Fishing at Ho‘omaluhia Botanical Garden


Editor’s Note: Fishing at Ho‘omaluhia Botanical Garden is still closed for the time being. Check their website for updates.



Ahh, the Great Outdoors. Nothing says family adventure like some time with Mother Nature, right? I had been hearing about how Ho‘omaluhia Botanical Garden in Kāne‘ohe offers free catch-and-release fishing every weekend, so I had to check it out with the kids.


I called ahead for some pointers. “Be prepared for rain, mud and mosquitoes,” the guide warned me. Well, that sounds downright delightful. And totally reasonable for a 2- and 4-year-old. I packed up the gang and headed out.


Ho‘omaluhia means “a place of peace and serenity,” which it usually is, until my family showed up.


Here’s how I imagined the scenario: We happily hike down to the lake, fishing poles in hand, all in our matching L.L. Bean fishing hats and cargo capris. My children frolic in the sunshine, catch a few fish and create beautiful childhood memories. I reel in a delicious bass, which my husband later sautés with a lemon-caper sauce and summer vegetables. Somebody hands me a trophy for the Outdoorsy Mother of the Year Award. (SPOILER ALERT: That’s not what happened.)


What actually happened: We stopped by the visitor center first, where the friendly guides provided us with free bamboo fishing poles, a map and some tips, such as how white bread is the best bait. We began the 20-minute hike toward the lake. Two minutes in, the kids started whining, until we saw ducks. Lots of them. We busted out our stale bread and fed the hungry flock, much to my children’s delight, although, the birds got a little too pushy, so my kids fled to the safety of a picnic-table top. Next, we trekked down to the lakeshore fishing area. We saw lots of families with older kids, clearly with more experience than we had, having a great time and pulling in fish after fish.

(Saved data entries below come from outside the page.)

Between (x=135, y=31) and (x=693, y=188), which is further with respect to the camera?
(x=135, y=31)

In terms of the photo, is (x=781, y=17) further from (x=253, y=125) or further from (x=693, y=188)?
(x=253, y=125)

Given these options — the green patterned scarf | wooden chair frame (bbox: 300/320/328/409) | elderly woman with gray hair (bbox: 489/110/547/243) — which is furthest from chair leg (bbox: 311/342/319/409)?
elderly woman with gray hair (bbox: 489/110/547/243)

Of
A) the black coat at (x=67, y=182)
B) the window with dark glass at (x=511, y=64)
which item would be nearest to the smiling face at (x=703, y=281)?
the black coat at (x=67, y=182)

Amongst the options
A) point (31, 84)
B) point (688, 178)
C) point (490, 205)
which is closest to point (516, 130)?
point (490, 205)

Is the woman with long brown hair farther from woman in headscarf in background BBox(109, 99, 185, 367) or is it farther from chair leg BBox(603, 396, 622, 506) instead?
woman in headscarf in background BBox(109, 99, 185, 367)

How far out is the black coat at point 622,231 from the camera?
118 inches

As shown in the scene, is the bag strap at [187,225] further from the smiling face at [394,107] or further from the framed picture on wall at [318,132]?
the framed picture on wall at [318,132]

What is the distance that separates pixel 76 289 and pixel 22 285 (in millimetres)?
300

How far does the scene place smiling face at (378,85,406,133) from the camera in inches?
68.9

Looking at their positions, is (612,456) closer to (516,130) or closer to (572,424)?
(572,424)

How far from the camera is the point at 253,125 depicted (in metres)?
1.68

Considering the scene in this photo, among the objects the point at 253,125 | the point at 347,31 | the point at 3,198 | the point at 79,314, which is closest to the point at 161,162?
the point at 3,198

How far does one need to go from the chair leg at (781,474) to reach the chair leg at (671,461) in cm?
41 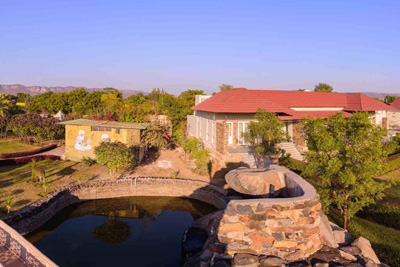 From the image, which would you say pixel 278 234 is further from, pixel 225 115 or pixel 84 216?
pixel 225 115

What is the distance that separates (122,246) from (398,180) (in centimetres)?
1984

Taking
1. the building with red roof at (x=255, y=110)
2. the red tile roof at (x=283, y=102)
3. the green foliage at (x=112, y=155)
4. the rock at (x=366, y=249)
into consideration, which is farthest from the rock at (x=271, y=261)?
the red tile roof at (x=283, y=102)

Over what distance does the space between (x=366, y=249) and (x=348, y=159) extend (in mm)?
3392

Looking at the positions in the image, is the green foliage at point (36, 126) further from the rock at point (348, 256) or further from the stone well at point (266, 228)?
the rock at point (348, 256)

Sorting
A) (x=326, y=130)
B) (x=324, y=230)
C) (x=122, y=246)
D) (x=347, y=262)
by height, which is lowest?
(x=122, y=246)

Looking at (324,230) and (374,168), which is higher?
(374,168)

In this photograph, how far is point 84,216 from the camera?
1562 centimetres

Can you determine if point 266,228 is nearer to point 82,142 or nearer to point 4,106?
Answer: point 82,142

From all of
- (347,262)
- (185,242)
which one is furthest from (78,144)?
(347,262)

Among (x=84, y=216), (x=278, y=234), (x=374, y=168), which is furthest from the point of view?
(x=84, y=216)

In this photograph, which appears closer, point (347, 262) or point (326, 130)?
point (347, 262)

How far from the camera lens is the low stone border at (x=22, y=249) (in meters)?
7.05

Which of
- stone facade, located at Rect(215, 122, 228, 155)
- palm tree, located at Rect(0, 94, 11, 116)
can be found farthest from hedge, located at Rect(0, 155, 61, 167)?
palm tree, located at Rect(0, 94, 11, 116)

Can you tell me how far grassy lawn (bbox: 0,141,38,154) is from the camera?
29748 millimetres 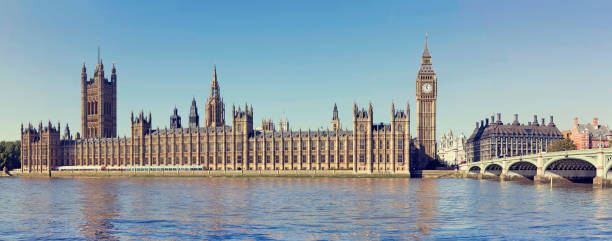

My family, not so much. We plunked in our lines (no casting is allowed) and waited. We could see the tiny tilapia and cichlids in the lake, mocking us and our inability to catch them. I have to admit, I was having more fun trying than the rest of my troop. (“Expert” tip: Two-year-olds don’t understand fishing.) My kids gave up after a few minutes, more interested in snacks, and disappointed by our lack of luck. I’m not going to pretend there wasn’t some crying. Or that my daughter didn’t have to pee in the bushes. Or that my son didn’t eat most of our bait. So we ditched the fishing, and instead enjoyed a picnic in the park.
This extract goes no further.